Problem description →
Return exactly, with nothing added, the lines from the one that contains "GEELY Emgrand 2022 car image #15" through the end of the listing below, pictures excluded.

Dataset extract →

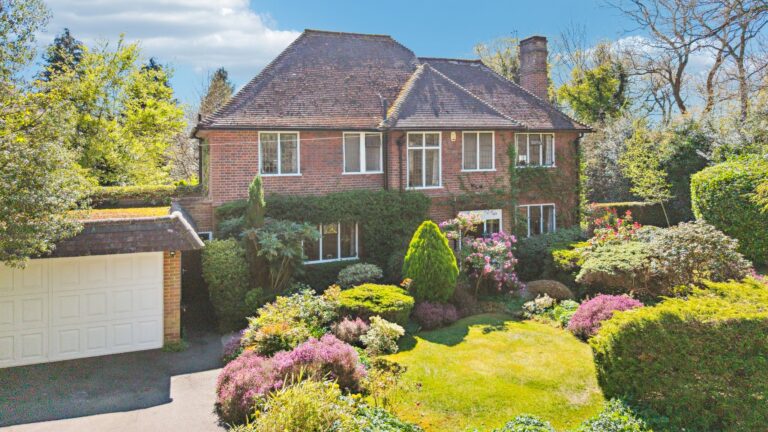Park View Road, Pinner HA5
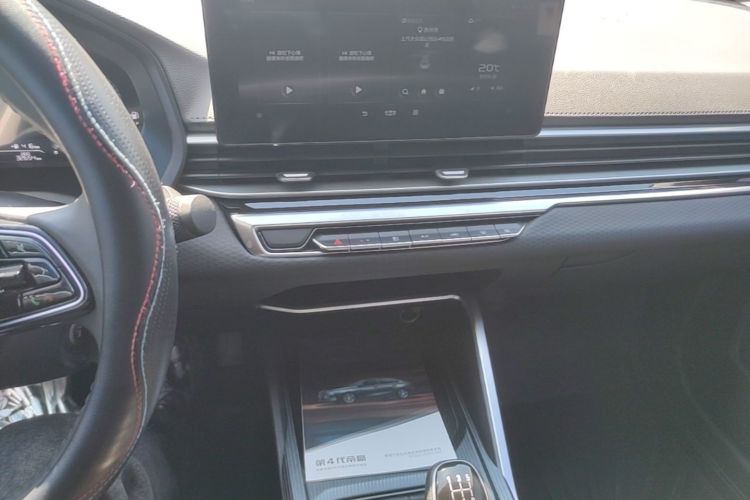 GEELY Emgrand 2022 car image #15
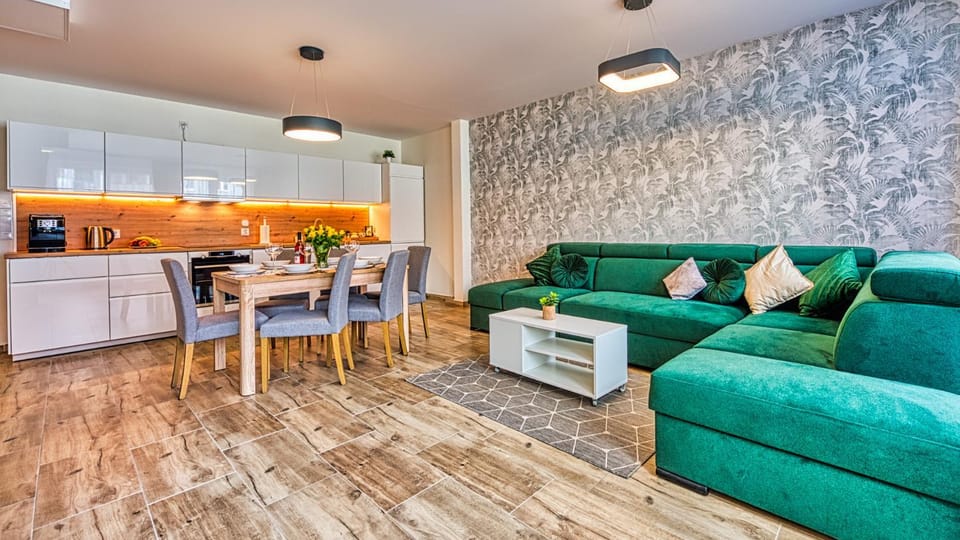 Apartament PO PRACY z SAUNĄ - 5D Apartamenty Apartment in Lower Silesian Voivodeship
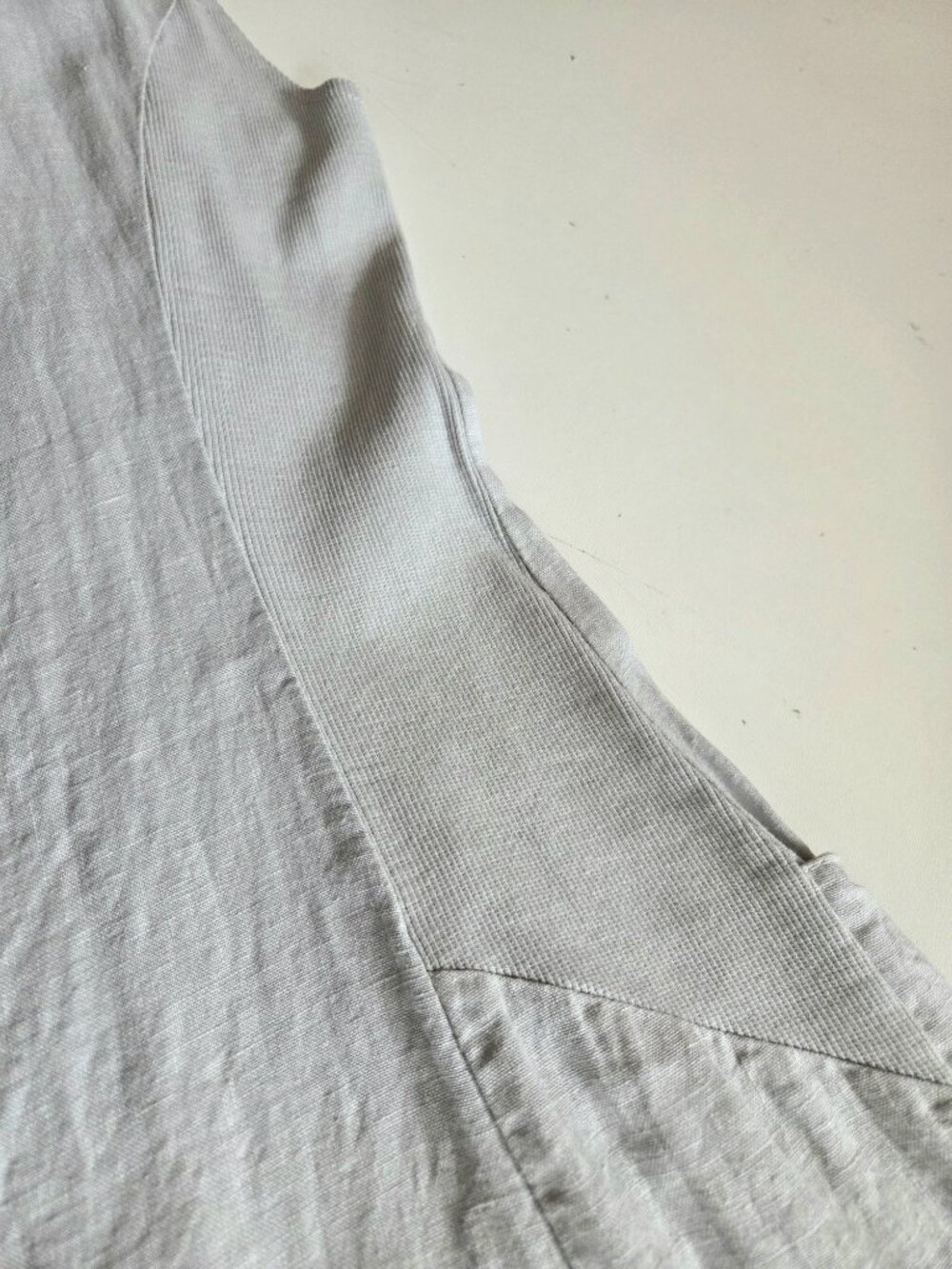 Lina Tomei Italian 100% Linen Light Grey Shift Dress Beaded Scoop Neck - Picture 11 of 11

Task output →
 GEELY Emgrand 2022 car image #15
 Apartament PO PRACY z SAUNĄ - 5D Apartamenty Apartment in Lower Silesian Voivodeship
 Lina Tomei Italian 100% Linen Light Grey Shift Dress Beaded Scoop Neck - Picture 11 of 11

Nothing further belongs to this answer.